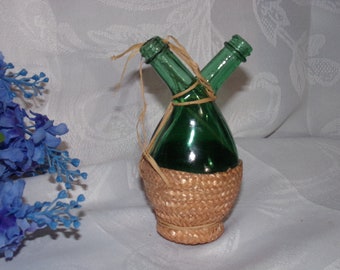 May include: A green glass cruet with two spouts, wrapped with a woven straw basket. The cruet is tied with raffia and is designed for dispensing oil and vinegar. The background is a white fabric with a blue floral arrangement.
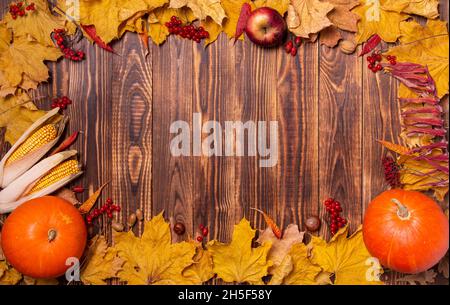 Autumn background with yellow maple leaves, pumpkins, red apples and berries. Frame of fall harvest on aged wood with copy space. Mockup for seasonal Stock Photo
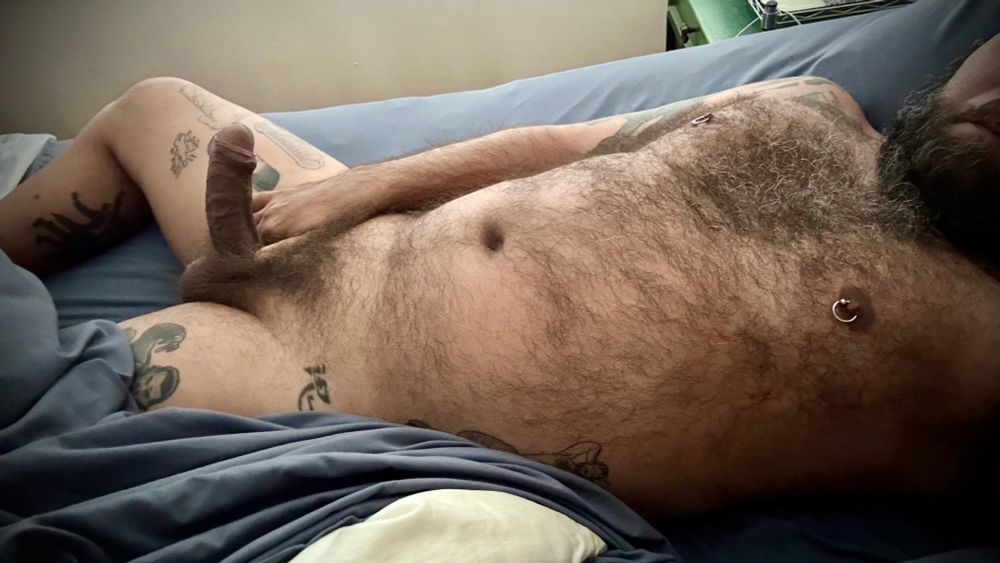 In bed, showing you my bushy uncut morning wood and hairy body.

###

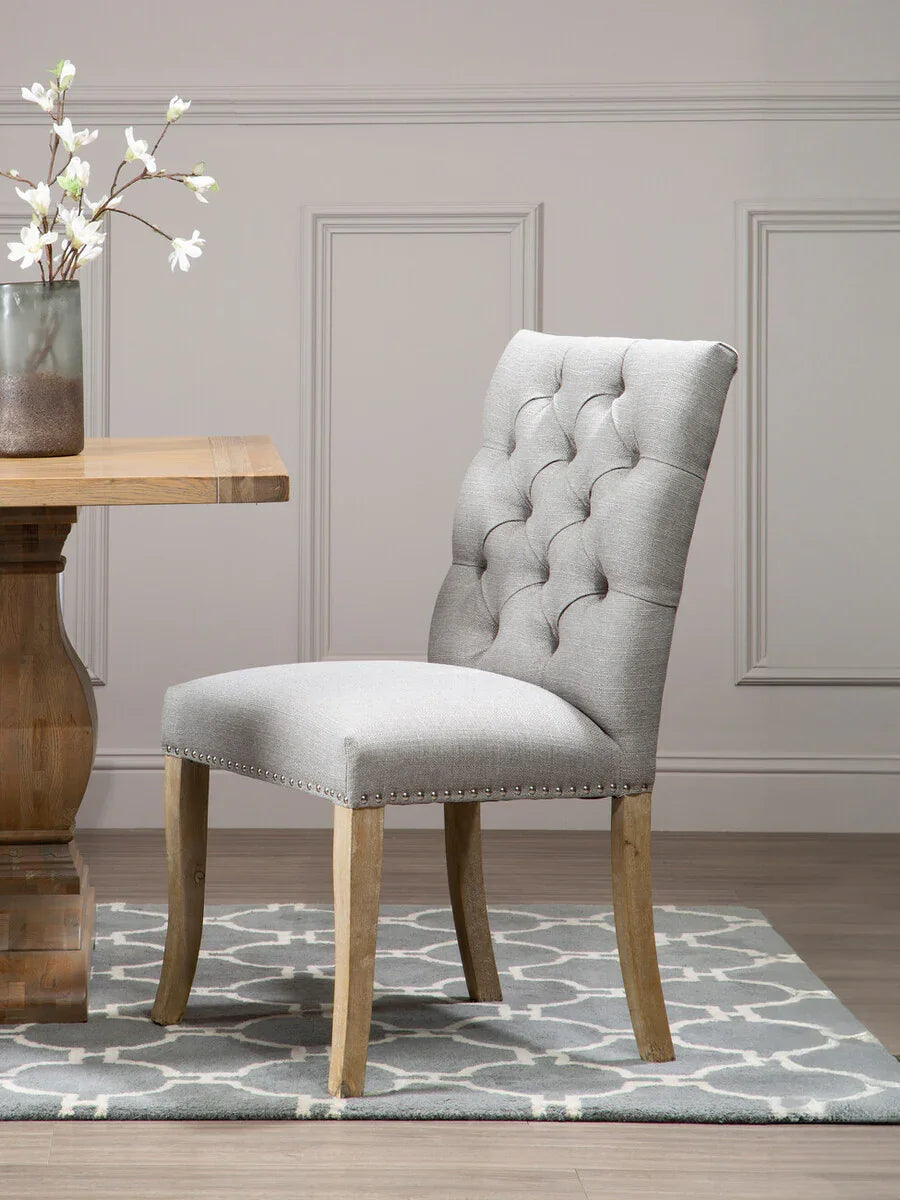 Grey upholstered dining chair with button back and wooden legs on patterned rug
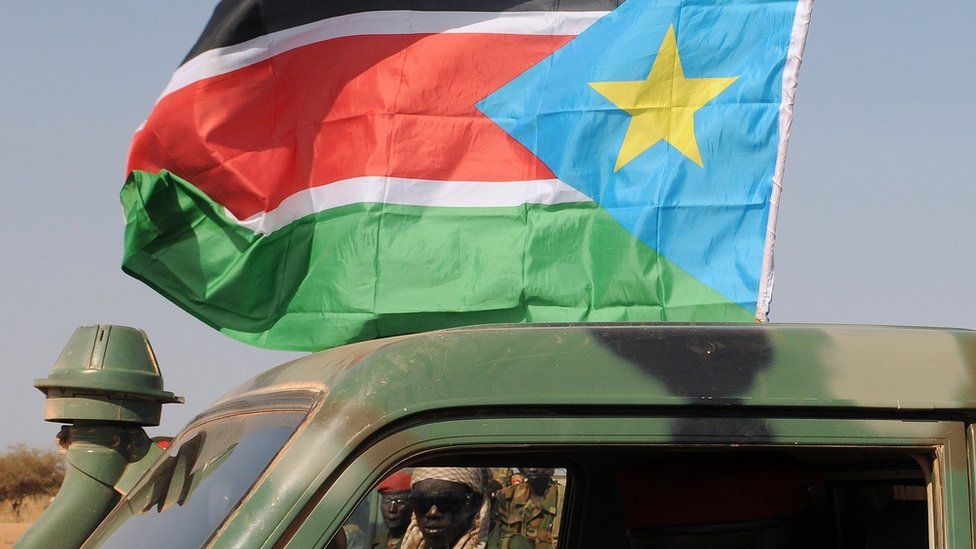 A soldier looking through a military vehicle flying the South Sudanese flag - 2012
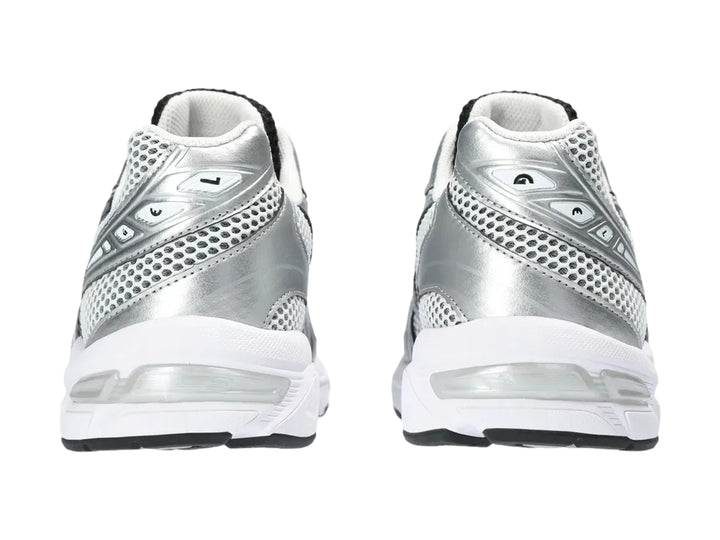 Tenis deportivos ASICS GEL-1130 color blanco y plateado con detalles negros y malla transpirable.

###

Looking at the listing above, which lines run from the one containing "Autumn background with" through the one containing "In bed, showing"? Print exactly those, ends included, pictures excluded.

# Problem solution
 Autumn background with yellow maple leaves, pumpkins, red apples and berries. Frame of fall harvest on aged wood with copy space. Mockup for seasonal Stock Photo
 In bed, showing you my bushy uncut morning wood and hairy body.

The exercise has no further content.